Aim of the exercise —
Take the data below and copy exactly the lines starting at the one with "Embossing Sunflower Leather" and finishing at the one with "Women Navy Curve", both included.
- - -
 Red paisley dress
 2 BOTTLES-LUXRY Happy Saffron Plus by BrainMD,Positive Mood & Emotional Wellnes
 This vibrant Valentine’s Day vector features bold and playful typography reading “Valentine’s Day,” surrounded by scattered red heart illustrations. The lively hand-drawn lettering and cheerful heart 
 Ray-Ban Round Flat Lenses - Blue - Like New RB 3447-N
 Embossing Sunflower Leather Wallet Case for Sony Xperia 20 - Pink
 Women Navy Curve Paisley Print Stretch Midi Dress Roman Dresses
- - -
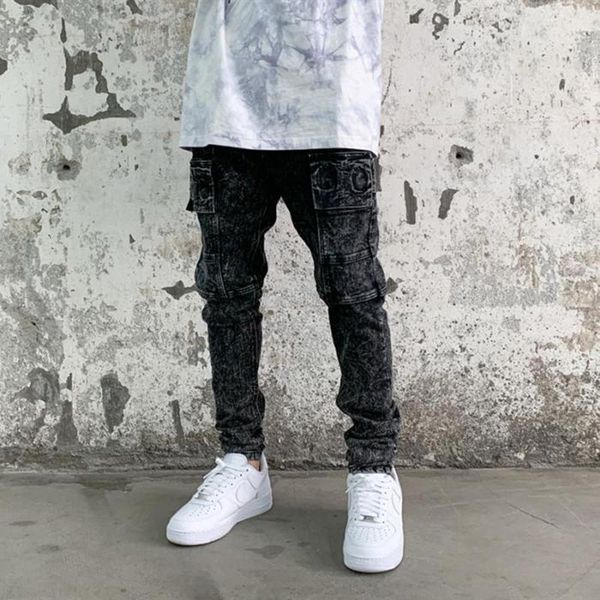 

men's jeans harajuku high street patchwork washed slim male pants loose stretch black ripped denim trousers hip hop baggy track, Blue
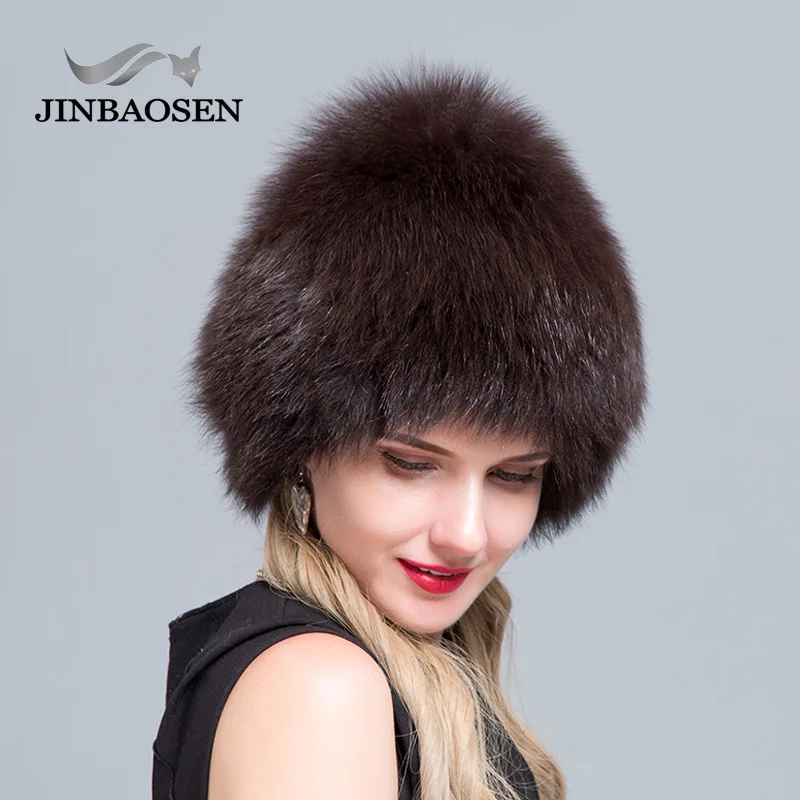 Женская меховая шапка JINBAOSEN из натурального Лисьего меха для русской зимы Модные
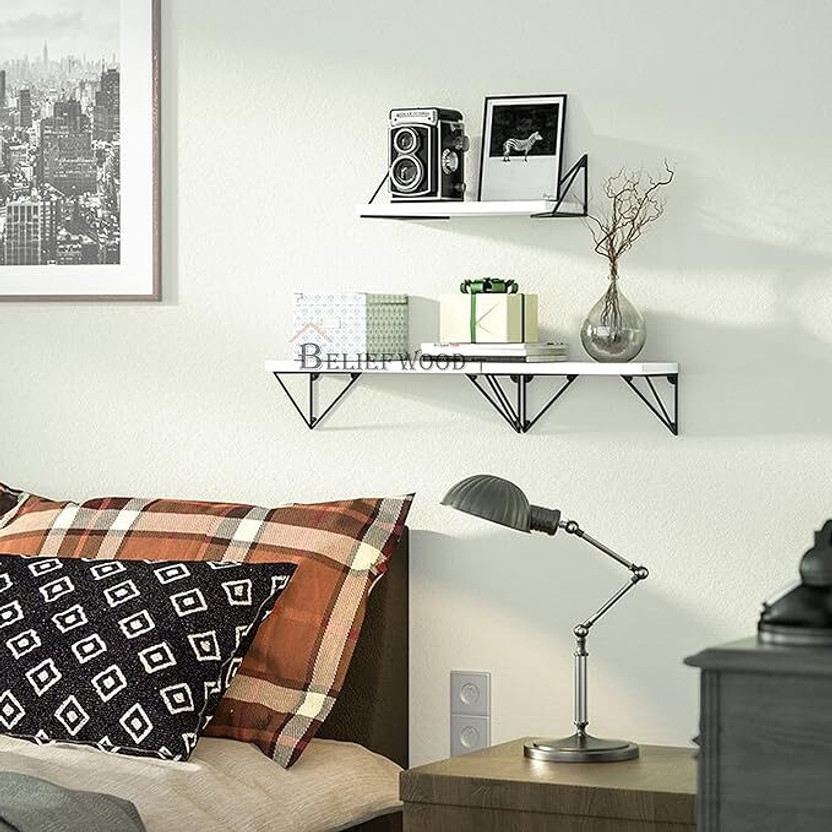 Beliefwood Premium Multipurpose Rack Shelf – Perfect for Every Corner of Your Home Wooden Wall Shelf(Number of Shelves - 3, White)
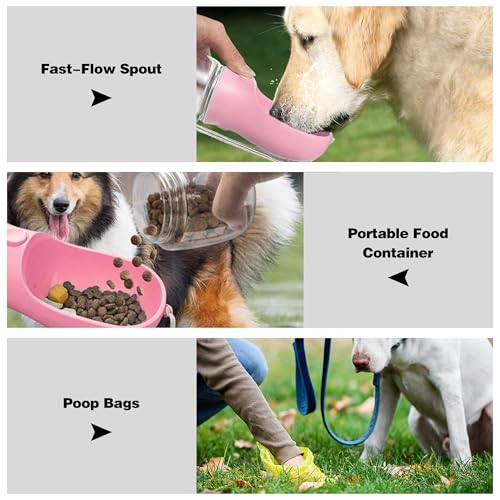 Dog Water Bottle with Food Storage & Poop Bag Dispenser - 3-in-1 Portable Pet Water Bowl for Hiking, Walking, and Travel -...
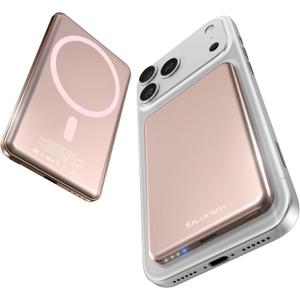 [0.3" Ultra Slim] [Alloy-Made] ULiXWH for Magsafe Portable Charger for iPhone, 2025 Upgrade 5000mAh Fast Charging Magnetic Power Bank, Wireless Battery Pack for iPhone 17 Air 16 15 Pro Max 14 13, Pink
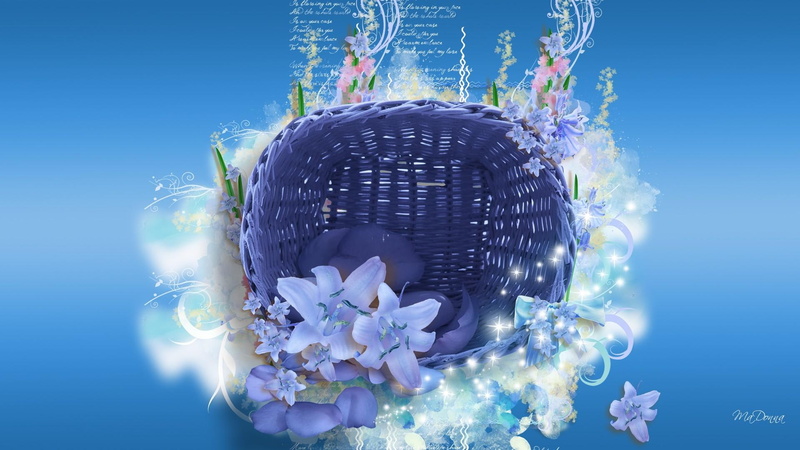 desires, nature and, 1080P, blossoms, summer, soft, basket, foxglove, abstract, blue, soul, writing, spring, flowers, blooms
- - -
Result of the exercise —
 Embossing Sunflower Leather Wallet Case for Sony Xperia 20 - Pink
 Women Navy Curve Paisley Print Stretch Midi Dress Roman Dresses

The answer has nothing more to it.